In the bourgeois world, which does not recognize socialization in the concrete sense, the personality is therefore not able to develop itself beyond certain narrowly set limits. The limits are determined by the personality's negative relation to society. For the individual of the bourgeois world, social knowledge, the highest source of humanization, is buried. Here penal codes, civil law and bourgeois convention ‘govern’ the relations of the individual to others. And within the boundaries, within these external determinations, the individual weaves the illusion of his freedom. However, those sensitive minds who nevertheless intuitively perceive the nature of socialization and their own unavoidable enmeshment in the lives of others flee from the flood of guilt feelings that overwhelm them and take refuge on the lonely island of religious delirium – because we must call that passive form of religious morality a delirium, which undertakes to endure its necessary indebtedness to external life without attempting to repay it.

The socialist does not flee from the recognition of the socialization of his life. He stands up to this insight and strives, through his action, to reconcile himself to it. Trying to salvage his personality, in the traditional sense, would be futile. That unity of action which we call personality is something he is not able to produce for now. The recognition of the all-round human conditionality, that is, the socialization of his life, makes everything – including his innermost ego – appear to him as something derived from others, owed to others, borrowed from others.

[…]5 is there power over him? Nevertheless, who would deny that precisely this state of power could not exist against the conscious will of all participants? (As we know, anarchists draw the irrational conclusion from this state of affairs that the state must be ‘abolished’. What they mean by this remains open to question.) The socialist recognizes the state as what it is, as a social relation of people to one another, and sees his task as one of overcoming the state by resolving this social relation into a direct one that is no longer mediated by the state. And a similar thing happens with the objectification ‘value’ in the exchange economy. Like blinded slaves, we sense our fate from market prices, which in the end are nothing other than the parts of our consciousness that are alienated from ourselves.

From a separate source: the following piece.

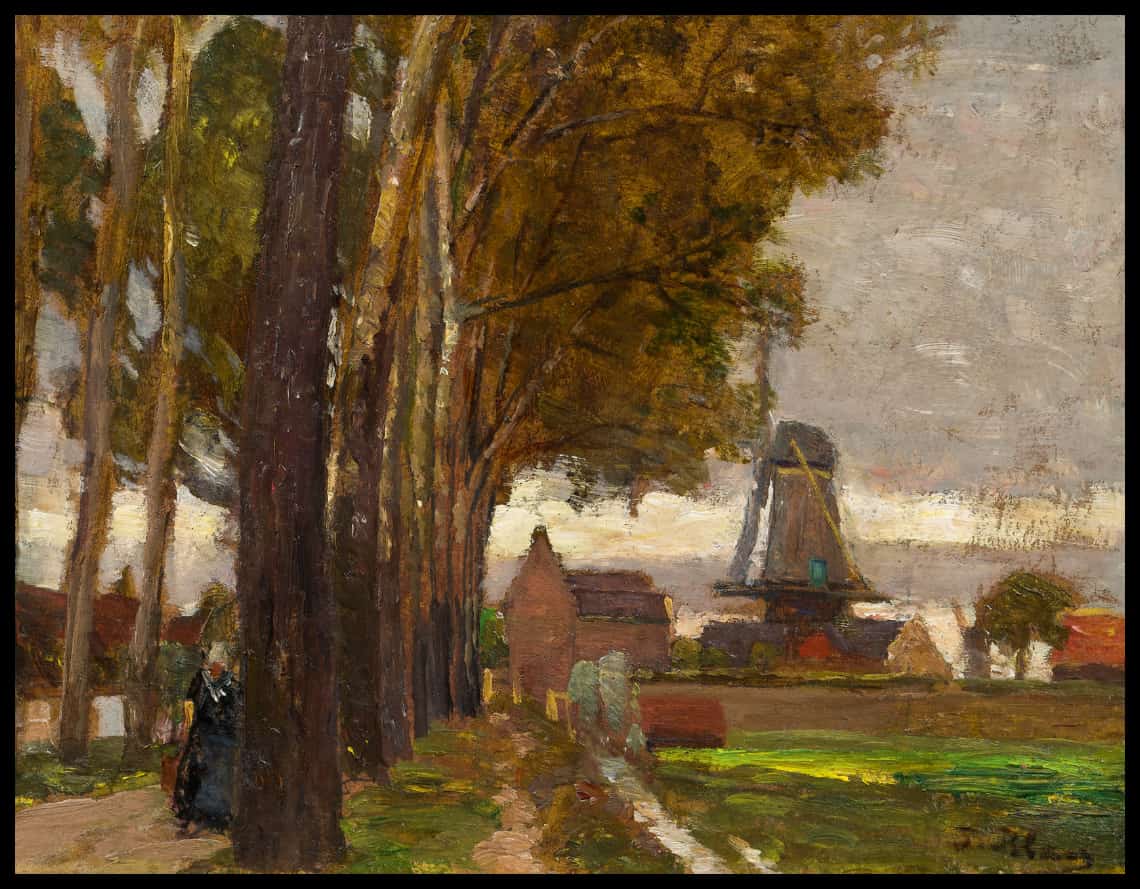 At the Türkenschanze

The first requirement of social freedom must then be: mastery of the necessary consequences of socialization, that is, of power and of value.

The second requirement is: make humanity capable of universal goal setting and the solidary exercise of power towards the goals established. World history still presents the eerie image – to adapt a comparison made by H. G. Wells – of desperate children who, enclosed in a cage on a cart, are rolling towards an abyss. We are all grown-up children of this sort; but we have ourselves built the cage that makes us helpless, and we are also holding up the inclined plane on which the cart rolls, and we have created the gravity, which has become fatal for us. Humanity, even civilized humanity, does not represent a unity. It is not a subject, and if it were then its organization would not make possible a universal goal nor a development of solidary power. Not only do the segmentation into states and the confusing and antagonistic character of the economy exclude this; the confusing relation between the political state and the economy of society also excludes the setting of a universal and thus political-economic goal at the outset. However, we can only speak of humanity's freedom when it constitutes itself as a subject and is capable of expressing its will – indeed only if at the same time the condition of the earlier formulation of freedom is also met, that is, that this state embracing all of humanity, this economy of the whole of humanity or, better, the synthesis of the two, despite its enormity, come into existence as the immediate expression of living human volitions.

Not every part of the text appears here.